御館様は俺と鈴の2人で話し合えと言った。
馬鹿な俺は既に嫁を娶る事が決まってる。
「もう、日が暮れる。夕餉の支度がありますゆえ…。」
俺の背中を押す雪南が中庭を抜けて母屋へと帰る。
俺は鈴が待つ離れに帰らねばならない。
遊郭から戻る時よりも鈴の元へ帰る足取りが重いと感じる。
離れの戸を潜り居間へと上がり込めば、部屋の片隅には幼子が踞る姿が眼に入る。
「鈴…、おいで…。」
腕を広げて幼子に向ければ、仔猫の様な仕草で立ち上がる鈴がすぐ様に俺の懐へと飛び込んで来る。
「神路…。
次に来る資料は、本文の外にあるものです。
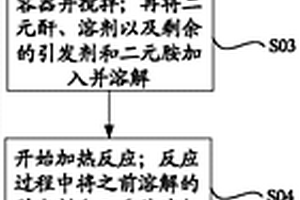 功能材料及其制備方法、導光油墨、導光板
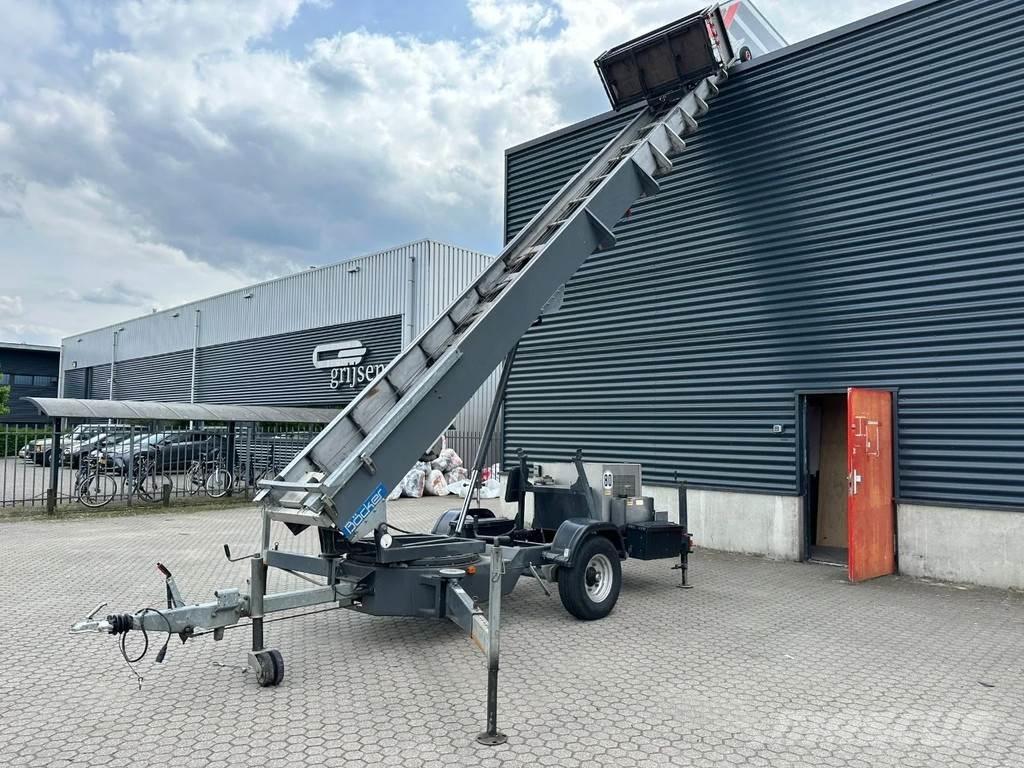 Böcker 34/1-8LH Montacargas de obra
」
鈴の頬に涙の後がある。
きっと一人で思い悩んでいたのだろう。
その涙の筋に唇を付けて傷を癒すように舐めてやる。
「少し…、俺と話し合うか?」
そう尋ねるだけで鈴が小さな身体をビクリと強ばらせて更に小さくなろうとする。
女子だと知らないフリはもう出来ないと鈴にも伝わってる。
抱き上げた鈴を居間から奥にある部屋へと連れていく。
寝室…。
旅館が手入れ済の布団へと鈴を降ろす。
「神…。」
今にも泣きそうな瞳で俺を見上げた鈴の唇を唇で塞ぐ。
真っ白な襦袢姿の鈴が布団へと横たわる。
袖から出た細い腕を撫でるだけで鈴が身体を捩る。
「鈴は…、この先をどう生きたい?」
狡いとわかってて俺は鈴に問う。
女子として俺の傍に居たいなら、鈴は俺の妾になるしか道がない。
それは胡蝶と変わらぬ立場…。
花街に売られずとも、扱いは花街の女子と変わらない。
鈴が嫌だと言うならば、義父に鈴を差し出し、蒲江にでも風真にでもくれてやるしかない。
「神路はどうして欲しい?鈴の願いは神路の願いだ。」
狡い俺に鈴の生命の全てを託すと言う。